El tipo se me quedó mirando. Tenía el pelo rizado y una boca hundida como si no tuviera dientes, pero era sólo la apariencia, porque cuando hablaba, descubría unos pequeños dientes amarillos.

—A ella. Se lo dije a ella. A esa chica que hay sentada ahí —dijo.

—Es cierto —intervino Susan sin expresión—. Habló conmigo.

El profesor Rodney la estaba observando con una mirada de concentrado desprecio. Se me ocurrió que su motivo para desear ver cómo se hacía rápidamente justicia podía ser más personal que idealista. Sin embargo, eso no era asunto mío.

—¿Está seguro de que es esta la joven? —le pregunté al peletero.

—Sí —contestó—. Le dije mi nombre y lo que quería, y sonrió. Me dijo dónde encontraría los libros sobre insecticidas.
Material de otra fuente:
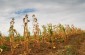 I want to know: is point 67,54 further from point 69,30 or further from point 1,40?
point 69,30

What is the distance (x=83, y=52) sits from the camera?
595 inches

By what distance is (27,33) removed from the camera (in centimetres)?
1477

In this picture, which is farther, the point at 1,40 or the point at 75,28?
the point at 75,28

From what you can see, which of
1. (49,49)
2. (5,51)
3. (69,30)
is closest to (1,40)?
(5,51)

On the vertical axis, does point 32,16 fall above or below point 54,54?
above

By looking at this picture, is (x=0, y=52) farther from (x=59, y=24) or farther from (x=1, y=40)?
(x=59, y=24)

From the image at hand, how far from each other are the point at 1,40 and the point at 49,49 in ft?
11.2

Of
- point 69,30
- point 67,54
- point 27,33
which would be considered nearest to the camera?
point 67,54

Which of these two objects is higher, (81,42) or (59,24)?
(59,24)

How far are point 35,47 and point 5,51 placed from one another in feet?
6.53

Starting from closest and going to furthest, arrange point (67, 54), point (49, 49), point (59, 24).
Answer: point (67, 54) → point (49, 49) → point (59, 24)

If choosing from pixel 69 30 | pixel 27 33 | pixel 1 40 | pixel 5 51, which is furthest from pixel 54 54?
pixel 69 30

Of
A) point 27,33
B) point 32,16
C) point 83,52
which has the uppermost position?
point 32,16

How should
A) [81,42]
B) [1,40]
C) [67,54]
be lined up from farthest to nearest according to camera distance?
[81,42]
[1,40]
[67,54] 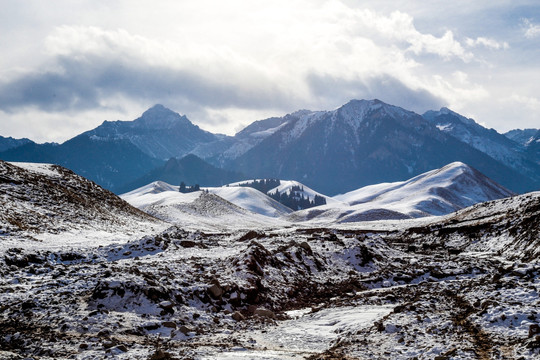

Luego, cuando me marchaba, otra joven salió de allí dentro.

—¡Bien! —dije inmediatamente—. Aquí tiene una fotografía de la otra joven. Dígame, ¿habló usted con la chica que está en la mesa y era la joven de la fotografía la que salió de la habitación de dentro? ¿O habló usted con la joven de la fotografía y la que está en la mesa fue la que salió de la habitación?

Durante un minuto largo, el peletero contempló a la joven, luego a la fotografía, y luego a mí.